Professor Chen speaking with Insight+said it was more difficult to know who had COVID-19 because there is currently no mandatory testing and tracking of COVID-19-positive cases in Australia.
“This study suggests that [the possibility of a previous COVID illness] It can be an increased risk, so we have to be careful,” he said.
“For example, if someone complains of chest pain within two months of being infected with COVID, that pain may be a little more likely to represent a heart attack than at other times, so You really have to pay attention.
“We cannot say that every heart attack that occurs after COVID is due to COVID.
Rowe and colleagues recommend vaccination and “other mitigation strategies.”
“Our findings demonstrate the need for continued COVID-19 mitigation measures, including vaccination, to support early diagnosis and management of complications in people with a history of SARS-CoV-2 infection. ,” they wrote.

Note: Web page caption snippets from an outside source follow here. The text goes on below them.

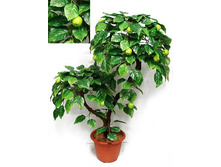 �� 95/2�/44 - 2750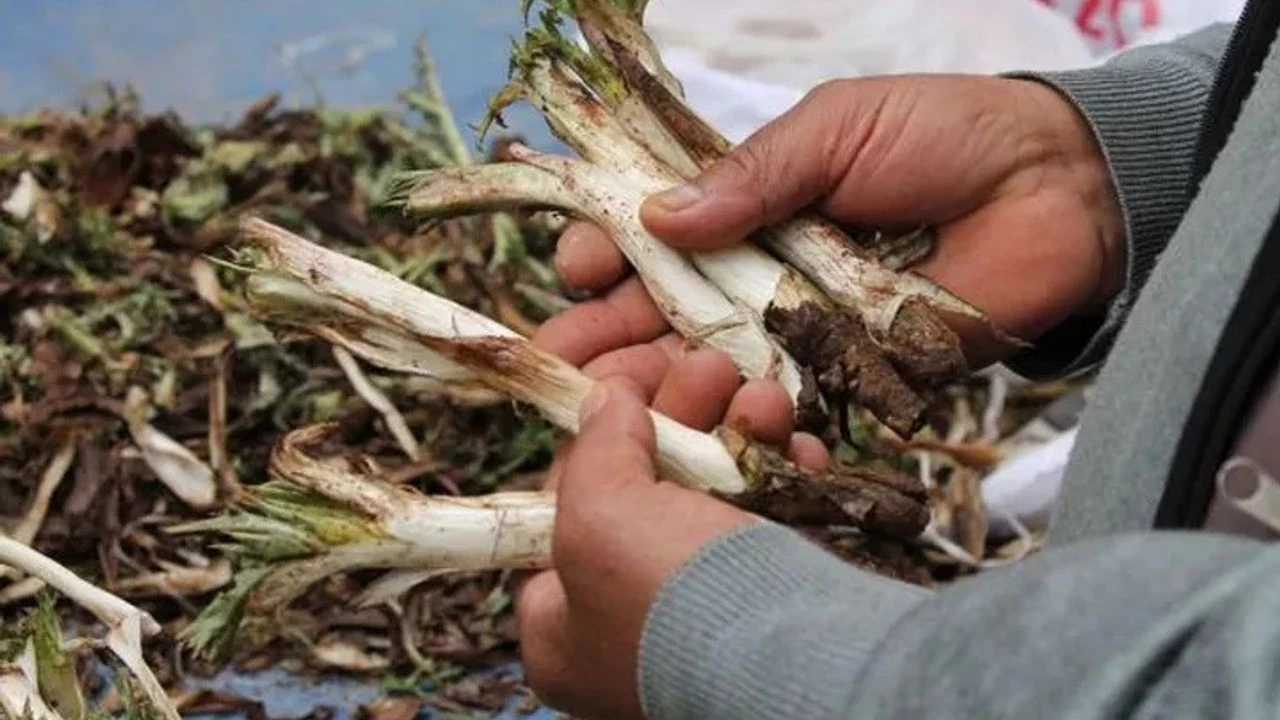 Hastalıkları uzaklaştırıyor, enerjinizi yeniliyor! Pazar tezgâhlarında görüp geçtiğiniz bu bitki aslında bir şifa deposu!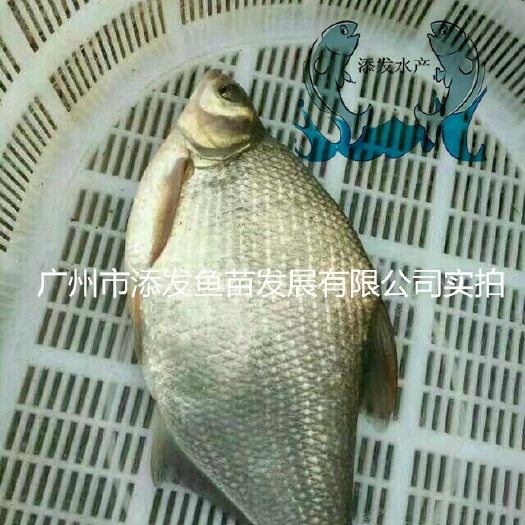 广州武昌鱼苗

“To elucidate the pathophysiological mechanisms underlying symptom persistence and development of major complications, to establish the prevalence of the post-COVID-19 condition (by vaccination status), and to identify post-vaccination complications. We need to quantify the risk of
Professor Chen said Insight+:
“what [this study] It shows that it is better not to get COVID. Either way, it’s probably a good thing.

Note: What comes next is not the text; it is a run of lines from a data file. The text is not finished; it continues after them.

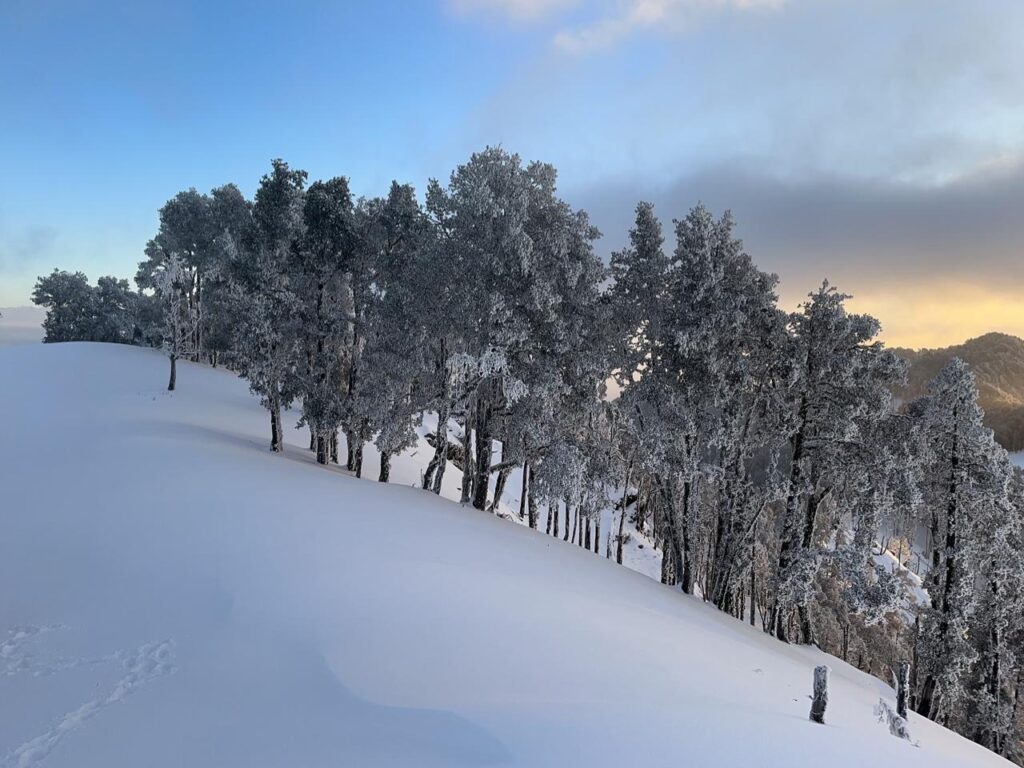 a snow-covered mountain — quiet, majestic, and wrapped in nature's softest silence.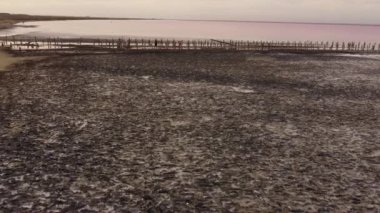 Çiçek açarken tuz gölü Sasyk-Sivash 'ın hava manzarası. Evpatoria, Kırım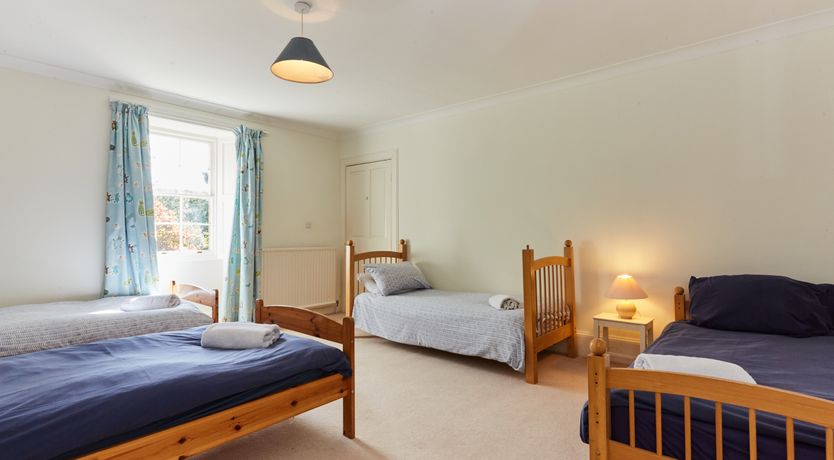 Photo of Lapwings & Deer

“Vaccination is the easiest way to protect yourself from COVID, but it’s not perfect. It’s also important to stay home when there’s a lot of COVID, wear a mask, improve ventilation, etc.”
at some point MJAMore Articles written by the author:
“Some COVID-19 complications are clinically similar to those reported after vaccination against SARS-CoV-2, which is important when evaluating post-vaccination adverse events.” , found that the incidence of hospitalization for severe cardiac and thromboembolism after SARS-CoV-2 infection is higher than the risk of these events reported after vaccination.”
Lowe said Insight+:
“What we found in this study, and what other studies have found internationally, is that the risk of myocarditis is higher after SARS-CoV-2 infection than after vaccination.

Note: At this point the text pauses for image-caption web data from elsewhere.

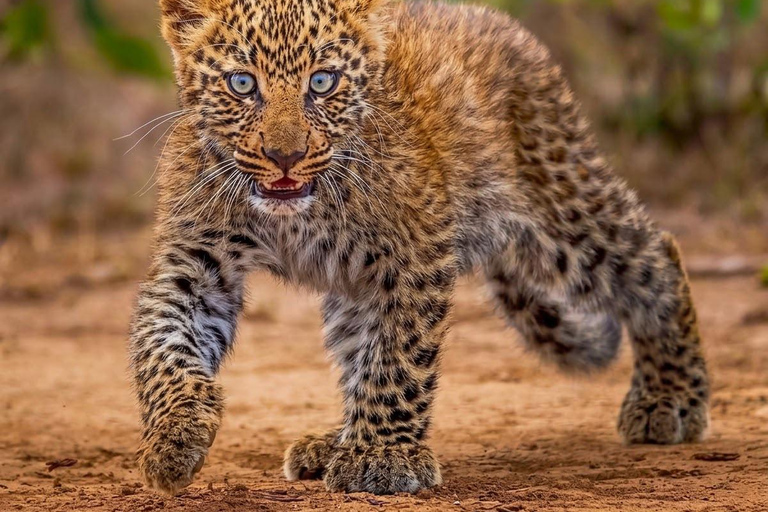 Yala National park Entry eTicket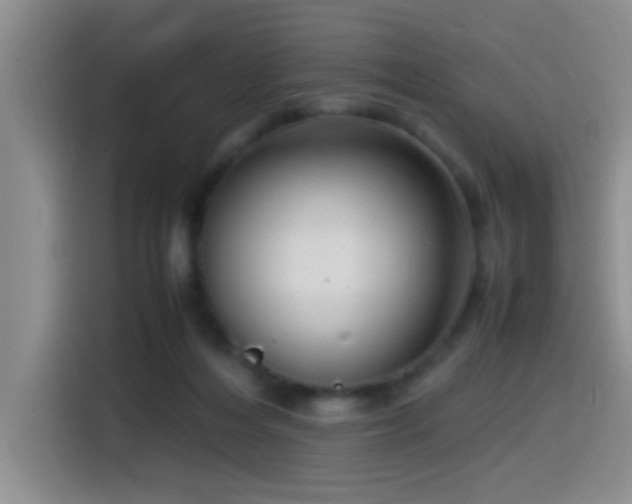 X0000115540216200911061507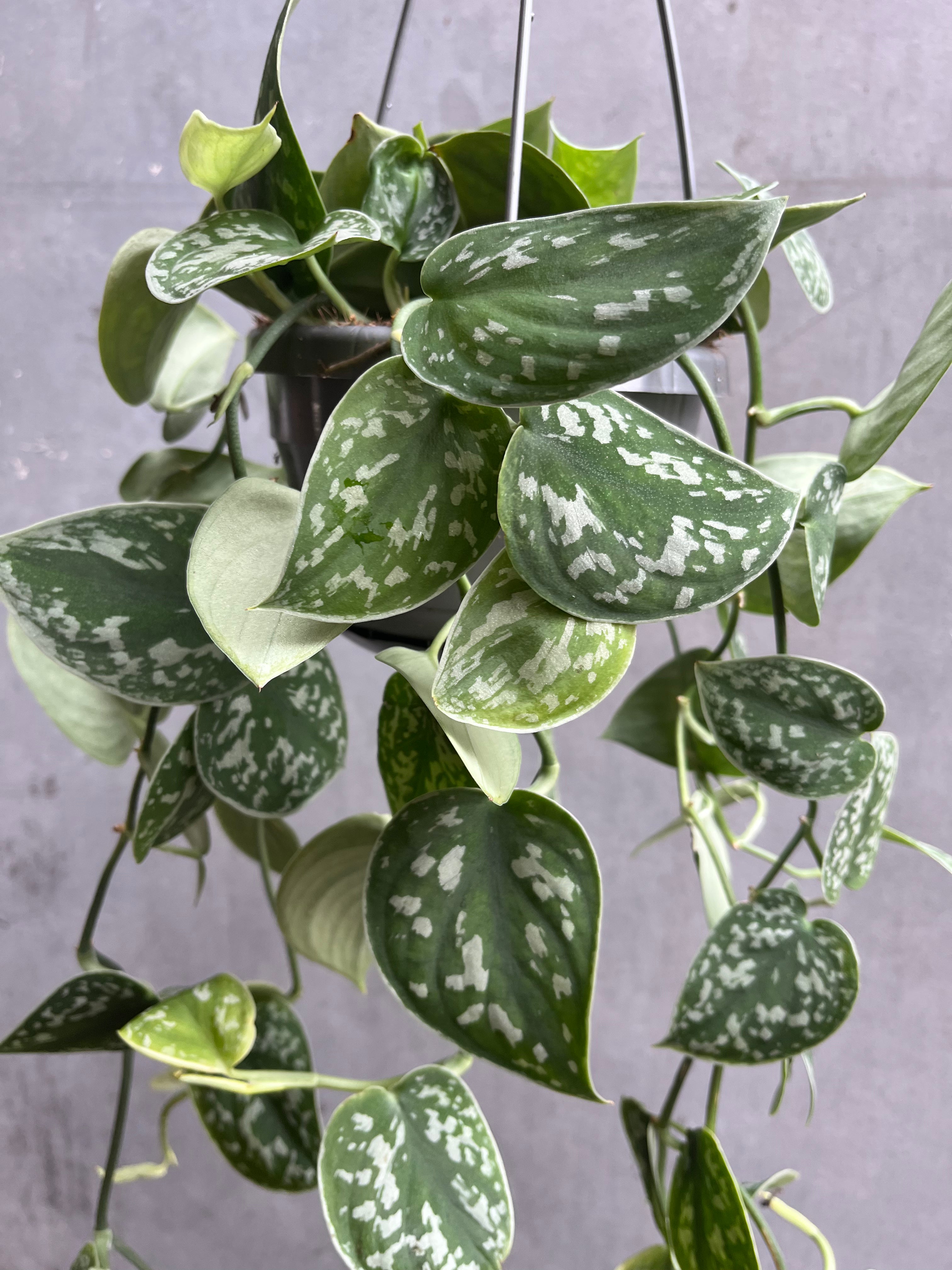 Satin Pothos Hanger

“People [who feel they have been injured by the vaccine] There are many studies showing that the risk is higher after infection than after vaccination. “
Professor Chen agreed.
“It’s important to realize that people experience side effects after being vaccinated. Myocarditis often occurs after the second dose, usually within a day or so,” he said. rice field. “Obviously it’s due to vaccination.
“But the question from a public health perspective is whether the benefits outweigh the risks. COVID itself could cause higher rates of myocarditis. [than vaccination]In other words, it is better to get vaccinated. ”
Rowe said the study showed that COVID-19 is more than just a respiratory disease.
“These findings do show that COVID-19 is a multisystem disease and not a respiratory infection. If more research could be done to understand these pathophysiological mechanisms, , we can start thinking about how best to prevent these.”